# [Work request]
Could you write out, exactly as they stand, only the lines in the listing below from the line with "view of side of property featuring fence" to the line with "Inviting dining room", both ends included, without the pictures?

# [Data for analysis]

☆ ☆ ☆ ☆ ☆

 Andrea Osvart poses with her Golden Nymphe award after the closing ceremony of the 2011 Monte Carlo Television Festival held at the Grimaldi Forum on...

☆ ☆ ☆ ☆ ☆

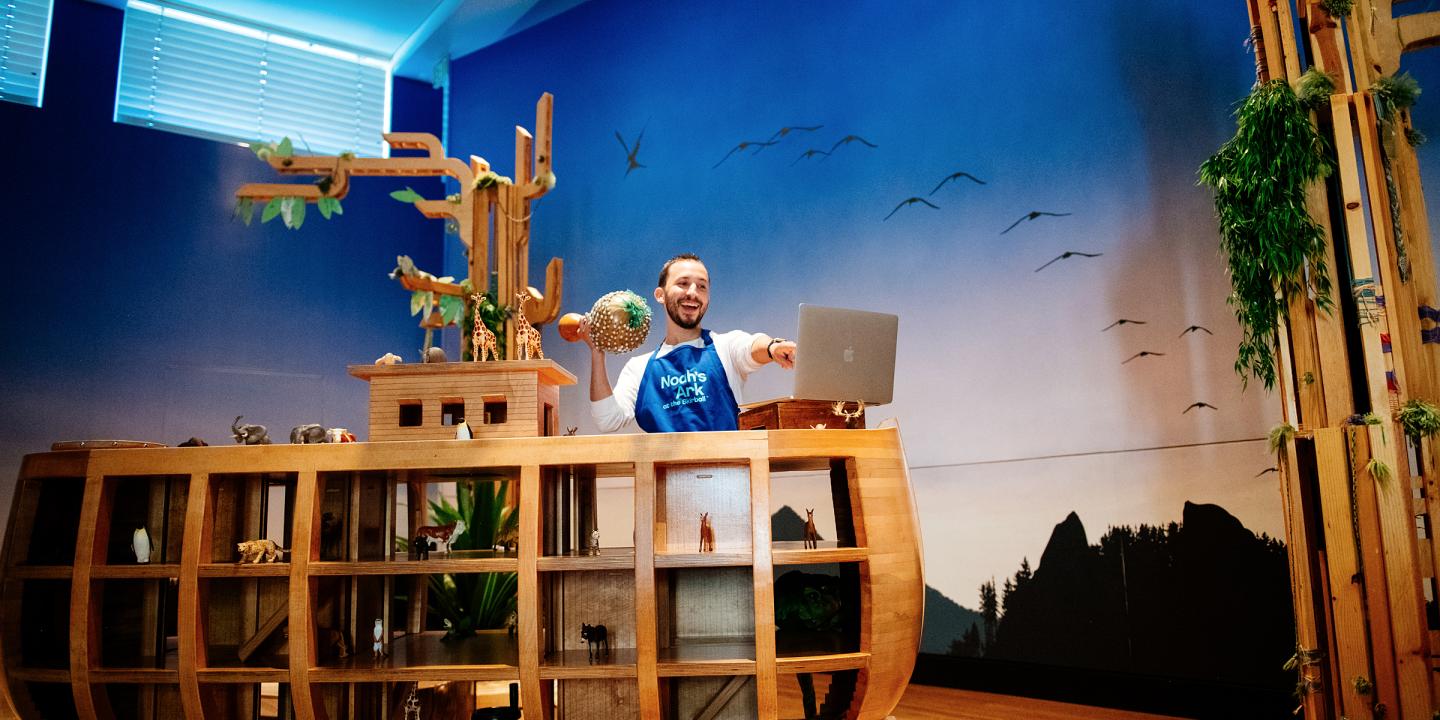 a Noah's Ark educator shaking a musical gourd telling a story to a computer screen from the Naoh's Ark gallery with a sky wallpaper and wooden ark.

☆ ☆ ☆ ☆ ☆

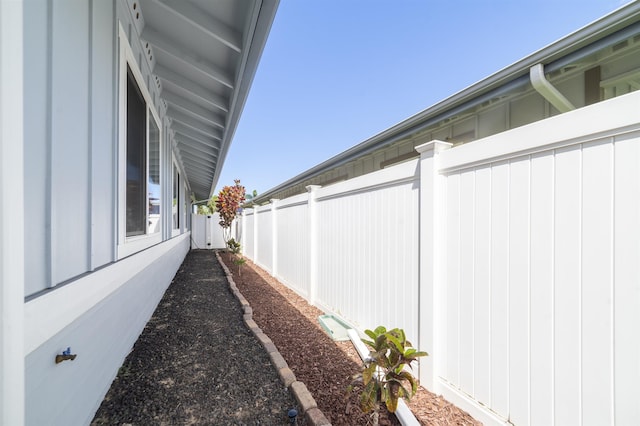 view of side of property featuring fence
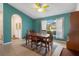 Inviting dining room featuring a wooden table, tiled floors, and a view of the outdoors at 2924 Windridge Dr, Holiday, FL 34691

☆ ☆ ☆ ☆ ☆

# [Answer for the task]
 view of side of property featuring fence
 Inviting dining room featuring a wooden table, tiled floors, and a view of the outdoors at 2924 Windridge Dr, Holiday, FL 34691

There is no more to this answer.